Lucene is a full-featured text search. This means, quite simply: a program searches a series of text documents for one or more terms that the user has specified. This shows that Lucene is not solely used in the context of the world wide web, even if the searches are mostly found here. Lucene can also be used for archives, libraries, or even on your home desktop PC. It not only searches HTML documents, but also works with e-mail and PDF files.
An index – the heart of Lucene – is decisive for the search, since all terms of all documents are stored here. In principle, an inverted index is simply a table – the corresponding position is stored for each term. In order to build an index, you first need to extract it. All terms must be taken from all the documents and stored in the index. Lucene gives users the ability to configure this extraction individually. Developers decide which fields they want to include in the index during configuration. To understand this, you have to go back one step.

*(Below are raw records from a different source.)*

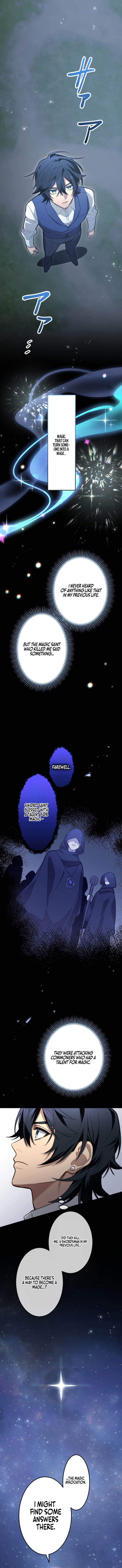 The Regressed Sword Saint’s Magic Theory capítulo 44 página 9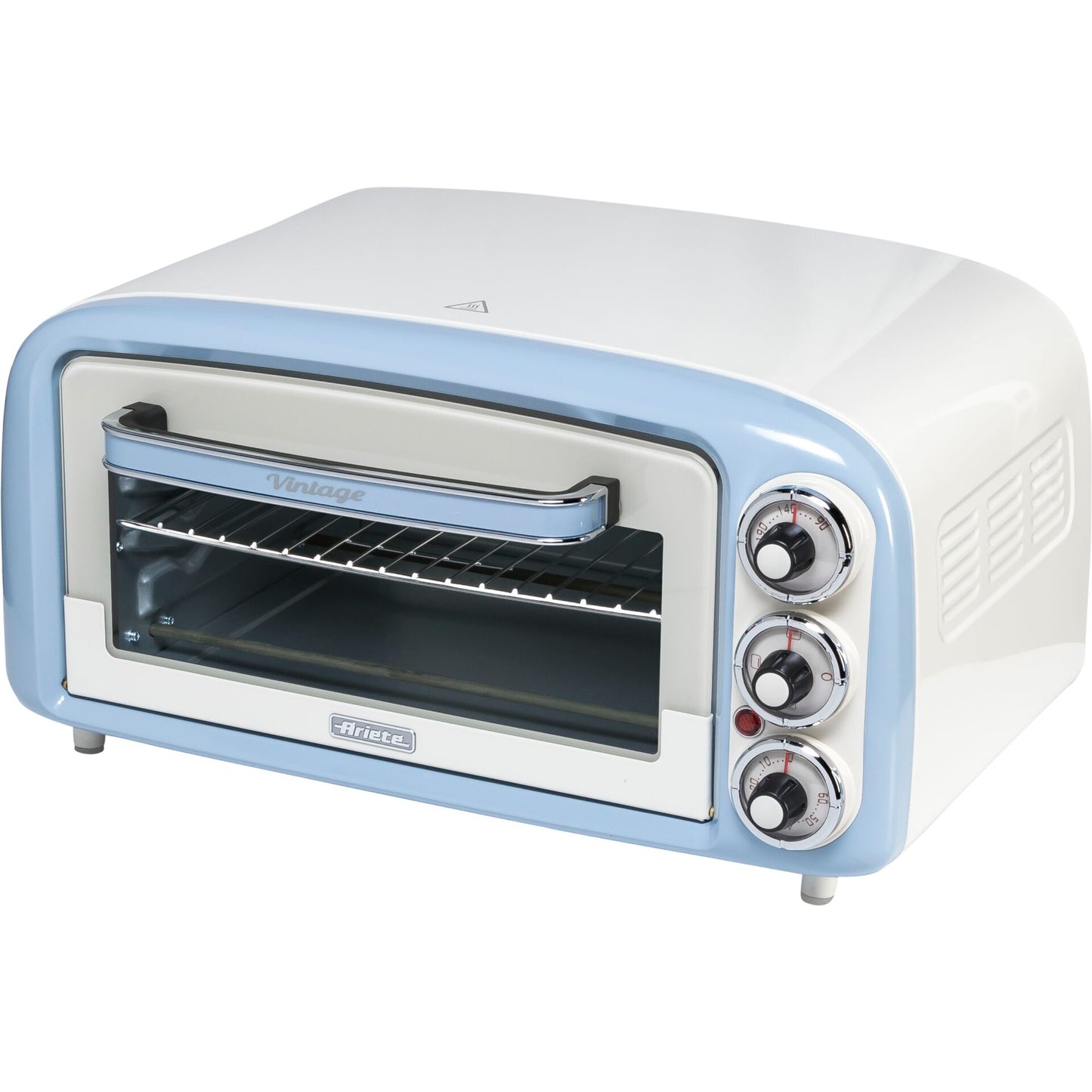 Ariete Vintage Mini Oven, blue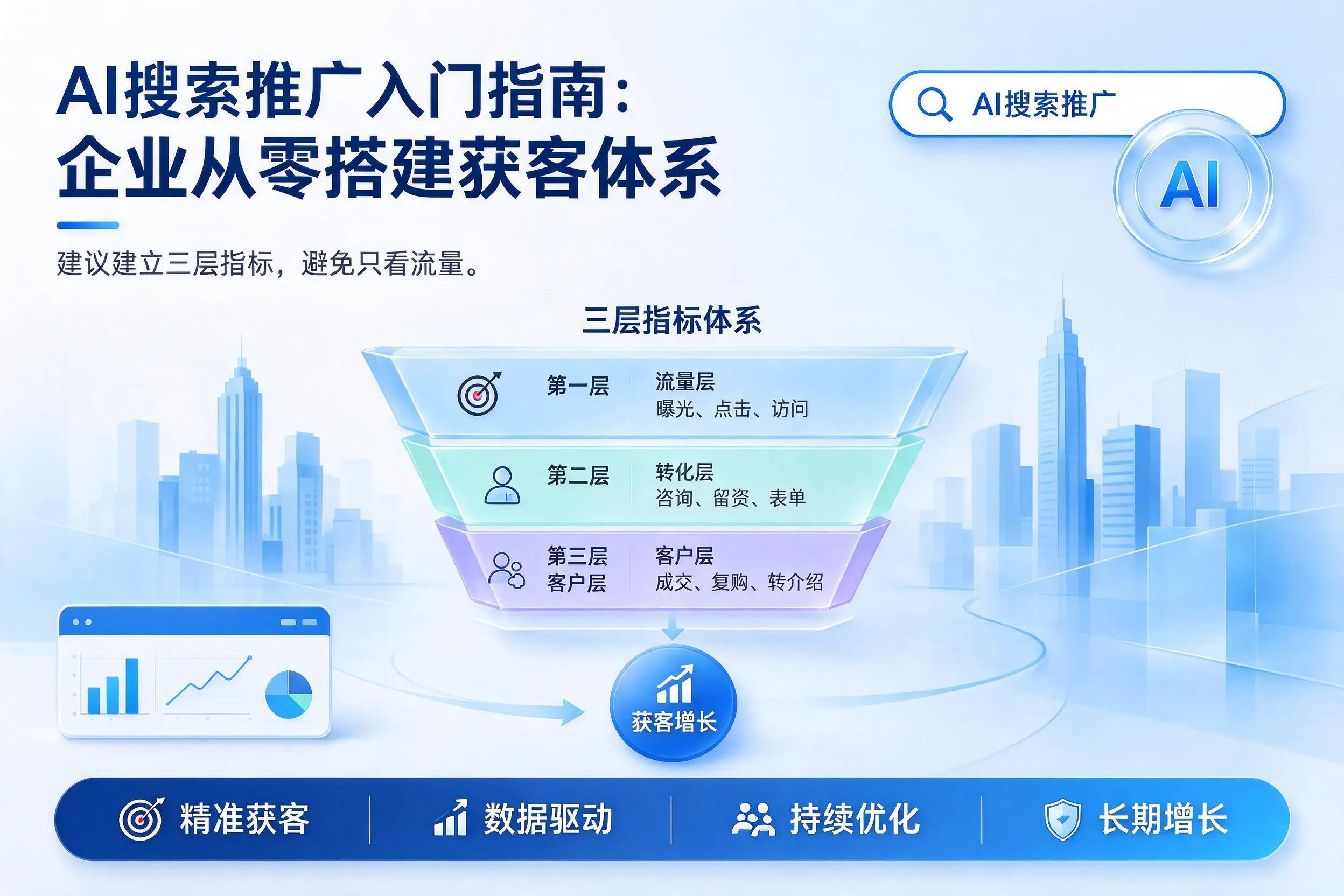 AI搜索推广入门指南:广东企业从零搭建获客体系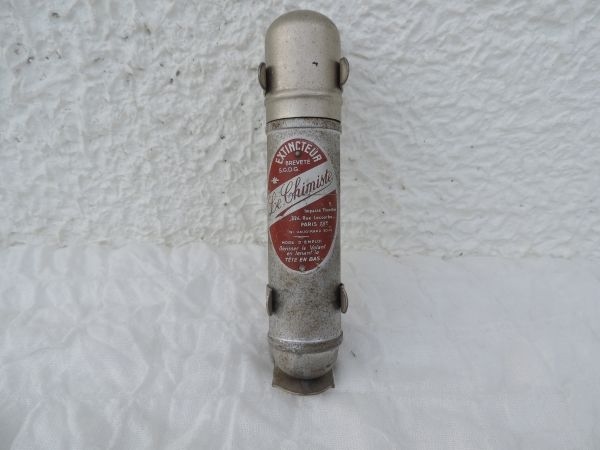Extincteur Le Chimiste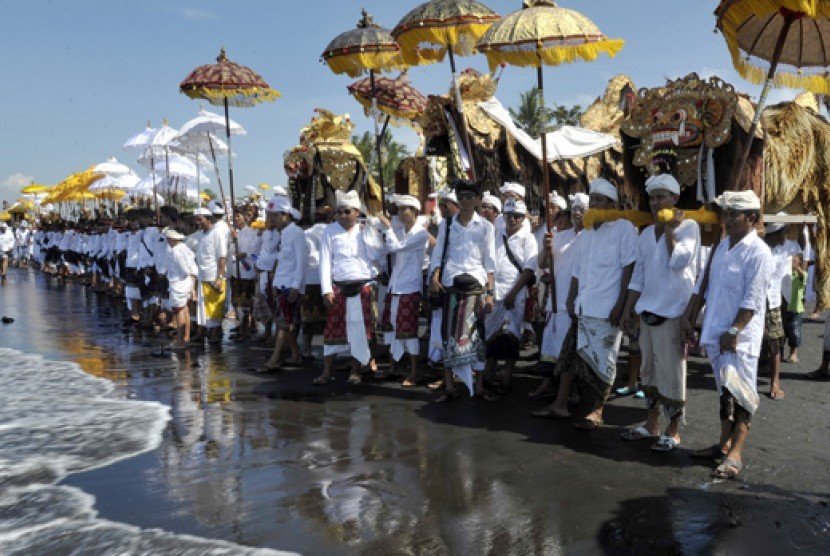Satu tradisi di Bali/ilustrasi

The objects that Lucene works with are documents in every kind of form. However, from Lucene’s point of view, the documents themselves contain fields. These fields contain, for example, the name of the author, the title of the document, or the file name. Each field has a unique name and value. For example, the field with the name title can have the value “Instructions for use for Apache Lucene.” So when creating the index, you can decide which metadata you want to include.
When documents are indexed, tokenisation also takes place. For a machine, a document is initially a collection of information. Even if you break away from the level of bits and use content that can be read by humans instead, a document is still a series of characters: letters, punctuation marks, spaces.
Segments are created from this amount of data using tokenisation. These segments make it possible to search for terms (mostly single words). The simplest way for tokenisation to work is with the white space strategy: a term ends when a space occurs. However, this does not apply if fixed terms consist of several words, such as “Christmas Eve.” Additional dictionaries are used for this, which can also be implemented in the Lucene code.
Lucene also performs a normalisation when analysing the data of which tokenization is a part. This means that the terms are written in a standardised form e.g. all capital letters are written in lower case. Lucene also manages to sort them out. This works via various algorithms e.g. via TF-IDF. As a user, you probably want to get the most relevant or latest results first – the search engine’s algorithms enable this.
For users to find anything at all, they must enter a search term in a text line. The term or terms are called query in the Lucene context. The word “request” indicates that the input must not only consist of one or more words, but can also contain modifiers such as AND, OR, or + and – as well as placeholders. The QueryParser – a class within the program library – translated the input into a specific search request for the search engine. Developers can also make settings for the QueryParser. The parser can be configured in such a way that it is tailored exactly to users’ needs.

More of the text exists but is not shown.